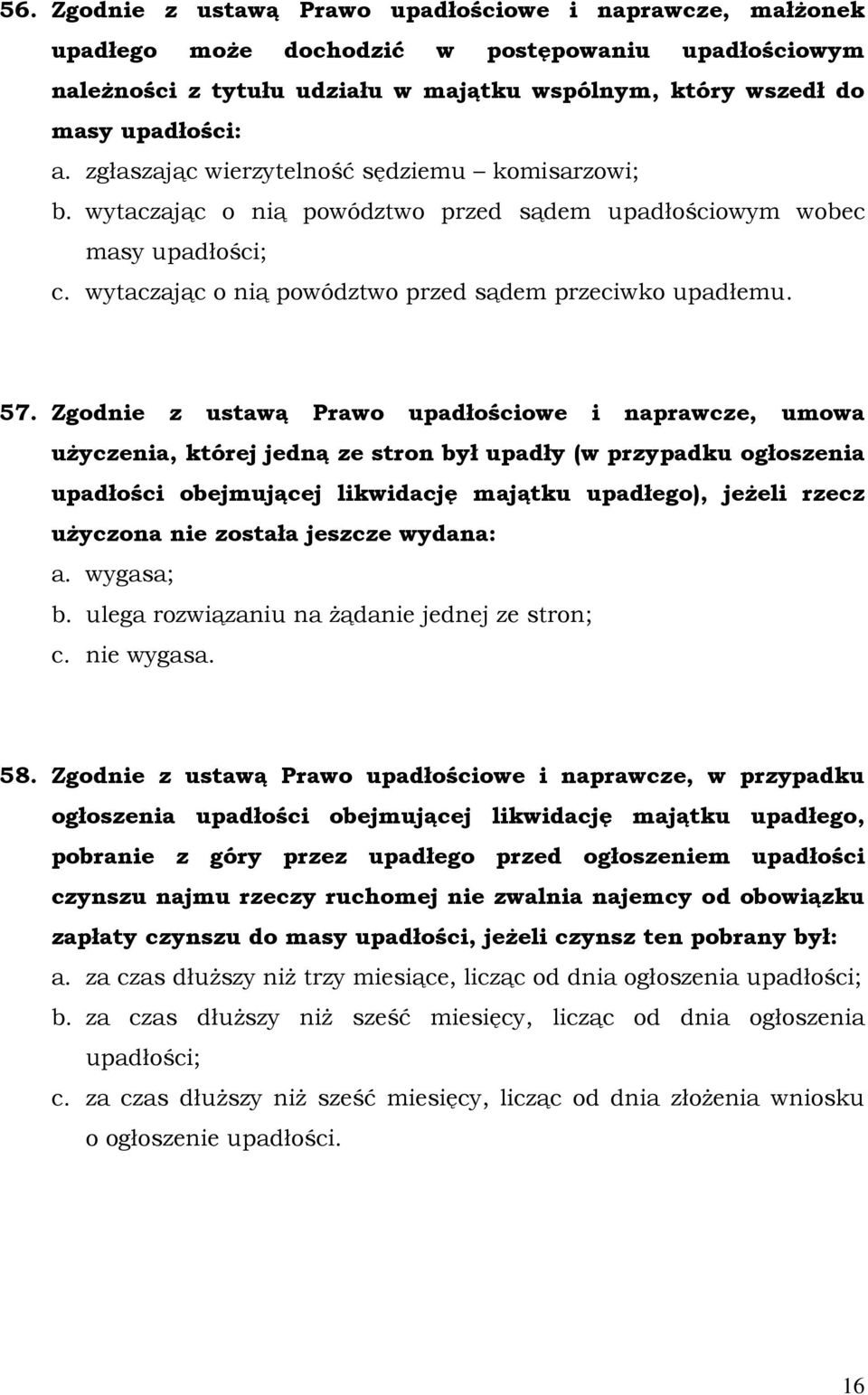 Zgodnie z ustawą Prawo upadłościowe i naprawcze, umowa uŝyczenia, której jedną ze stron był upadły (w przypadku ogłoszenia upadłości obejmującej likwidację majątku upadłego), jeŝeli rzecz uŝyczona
....................
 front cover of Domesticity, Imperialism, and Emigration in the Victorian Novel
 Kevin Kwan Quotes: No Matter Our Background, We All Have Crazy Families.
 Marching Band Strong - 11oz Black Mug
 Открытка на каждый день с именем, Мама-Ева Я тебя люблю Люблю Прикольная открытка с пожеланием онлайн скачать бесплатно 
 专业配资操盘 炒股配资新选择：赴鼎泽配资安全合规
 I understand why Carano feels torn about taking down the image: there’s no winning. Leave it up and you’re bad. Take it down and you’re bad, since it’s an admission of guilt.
....................
Copy the records above exactly, beginning at the line that contains "Kevin Kwan Quotes: No" and stopping after the line that contains "专业配资操盘 炒股配资新选择：赴鼎泽配资安全合规".

 Kevin Kwan Quotes: No Matter Our Background, We All Have Crazy Families.
 Marching Band Strong - 11oz Black Mug
 Открытка на каждый день с именем, Мама-Ева Я тебя люблю Люблю Прикольная открытка с пожеланием онлайн скачать бесплатно 
 专业配资操盘 炒股配资新选择：赴鼎泽配资安全合规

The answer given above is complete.